In GraphQL the client asks explicitly for what data the result should contain. This does not have to be restricted to the fields of your data objects, methods can also be used to provide calculated results, here is a trivial example:

package io.committed.dto;

import io.leangen.graphql.annotations.GraphQLId;
import io.leangen.graphql.annotations.GraphQLQuery;
import lombok.Data;

@Data
public class Document {

  @GraphQLId
  private String id;
  private String content;

  @GraphQLQuery(name = "length")
  public int length() {
    return content.length();
  }

}

This will expose a length field on the Document class. This method is only called if requested by the query so the client does not have to pay the penalty for any calculations that they do not need. Such methods also allow the client to save on data transfer by getting the server to do the calculations and only transferring the result.

Getting graphing

The real power of GraphQL comes from the ability to traverse data type by their joining properties.
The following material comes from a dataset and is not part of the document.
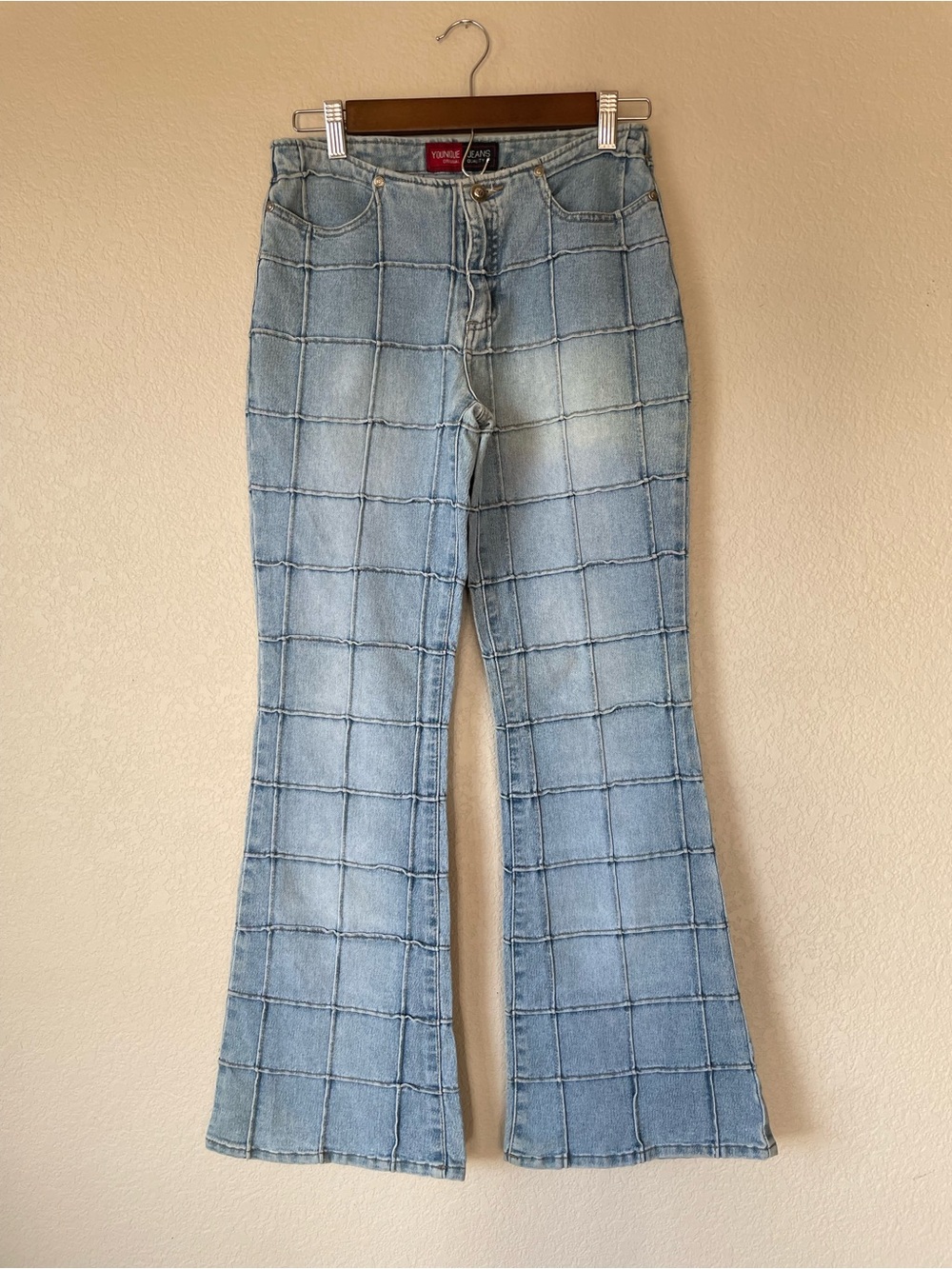 Younique Y2K Low Rise Grid Stitch Light Wash Jeans Size 5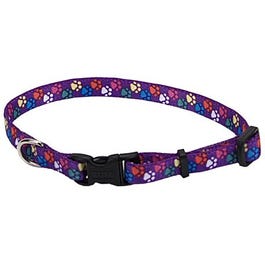 Dog Collar, Adjustable, Paws, Nylon, 3/8 x 8-12-In.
For example, if I have Entities extracted from a Document then I want to be able to query for the entities contained in a document. If these are already stored in your Document object this is trivial, however, they may be stored in a different table or collection in your database. To embed entities in the document we add the following:

@GraphQLQuery(name = "entities")
  public Stream<Entity> getByDocument(@GraphQLContext Document document) {
    return repository.getByDocumentId(document.getId());
  }

where the @GraphQLContext annotation provides the linking logic to build the schema.

Getting querying

You can query using the GraphiQL UI hosted on /graphiql or send HTTP requests to /graphql and get the schema from /schema.json, I’m sure all these are configurable too. You can also use the GraphQL internally, for example by creating a QueryService:

package io.committed.query;

import org.springframework.beans.factory.annotation.Autowired;
import org.springframework.stereotype.Service;

import graphql.ExecutionResult;
import graphql.GraphQL;
import graphql.schema.GraphQLSchema;

@Service
public class QueryService {

  private final GraphQL graphQL;

  @Autowired
  public QueryService(GraphQLSchema graphQLSchema) {
    graphQL = GraphQL.newGraphQL(graphQLSchema).build();
  }

  public ExecutionResult query(String query) {
    return graphQL.execute(query);
  }

}

Or by exposing the GraphQL object as a bean.

Getting better

We were able to get a quick GraphQL endpoint up and running in less that a day on our existing DAO objects providing a powerful querying mechanism for clients. During this investigation, we uncovered and reported a bug in graphql-spqr and got a rapid response from the author. It looks likely that this ecosystem will develop fast, out suggestions for improvements to graphql-spqr are:

  • Ability to ignore certain fields
  • Out of the box support for limiting and filtering
  • Support for graphql-java v5

Overall, this is a very promising route for rapid integration of GraphQL into an existing spring-boot server.